§ What is needed
What's wanted is each entry repeated verbatim, minus its images.

Segment Start: Given records

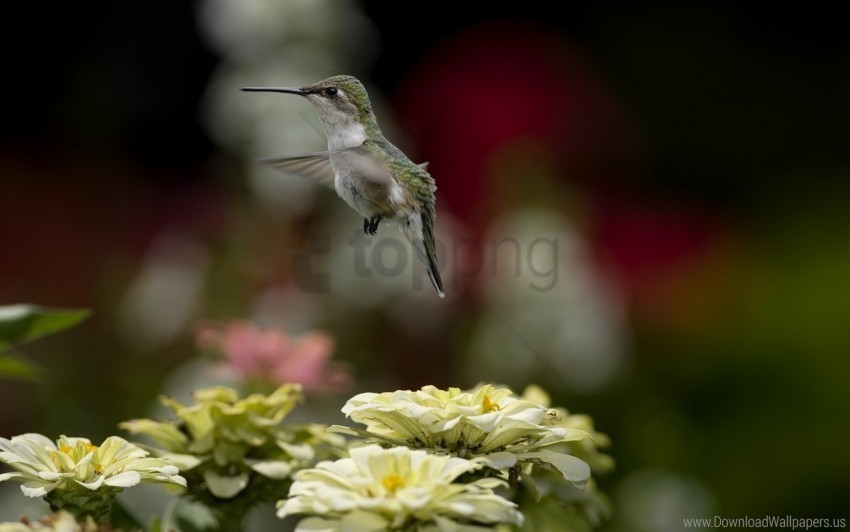 bird blurring flowers flying hummingbird nature wallpaper PNG Image Isolated with High Clarity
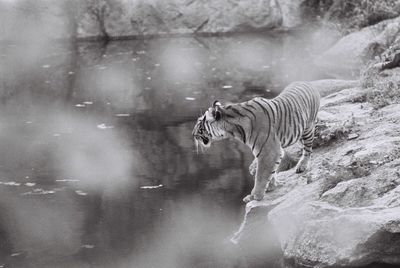 Zebras in water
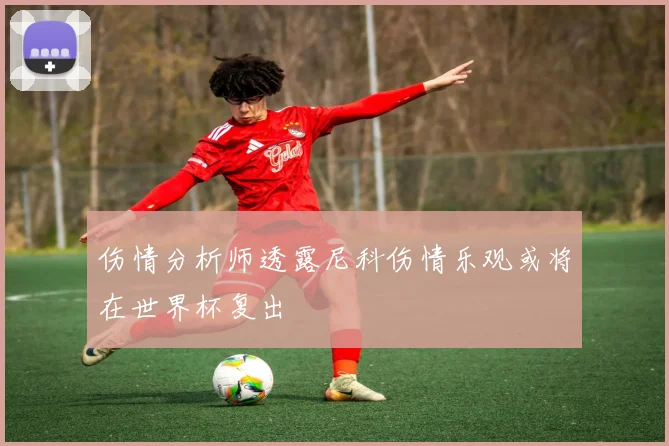 伤情分析师透露尼科伤情乐观或将在世界杯复出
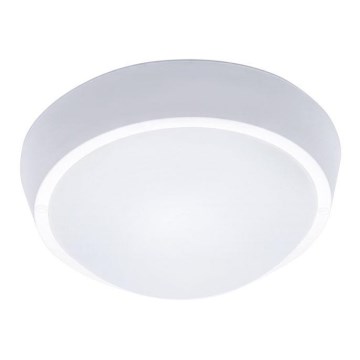 LED Εξωτερικό φωτιστικό οροφής LED/30W/230V  IP65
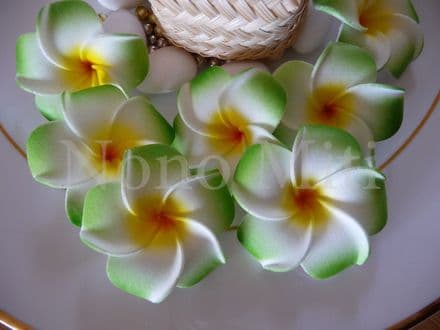 12-30 x têtes fleur frangipanier * 4cm * vert
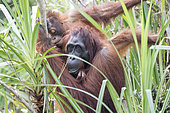 Bornean orangutan (Pongo pygmaeus pygmaeus), near the water, Tanjung Puting National Park, Borneo, Indonesia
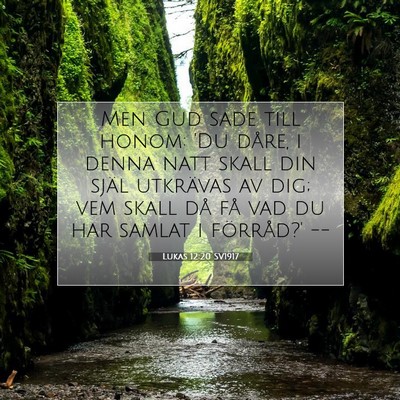 Lukas 12:20 SV1917 Bild av bibelvers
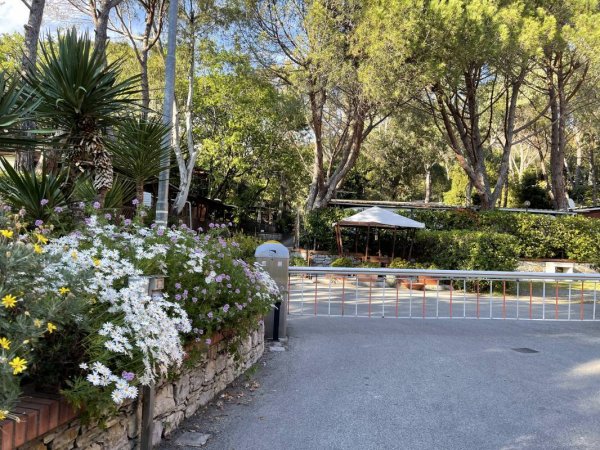 Tigullio Camping & Resort — Photo 4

Segment End: Given records

§ Result for this task
 bird blurring flowers flying hummingbird nature wallpaper PNG Image Isolated with High Clarity
 Zebras in water
 伤情分析师透露尼科伤情乐观或将在世界杯复出
 LED Εξωτερικό φωτιστικό οροφής LED/30W/230V  IP65
 12-30 x têtes fleur frangipanier * 4cm * vert
 Bornean orangutan (Pongo pygmaeus pygmaeus), near the water, Tanjung Puting National Park, Borneo, Indonesia
 Lukas 12:20 SV1917 Bild av bibelvers
 Tigullio Camping & Resort — Photo 4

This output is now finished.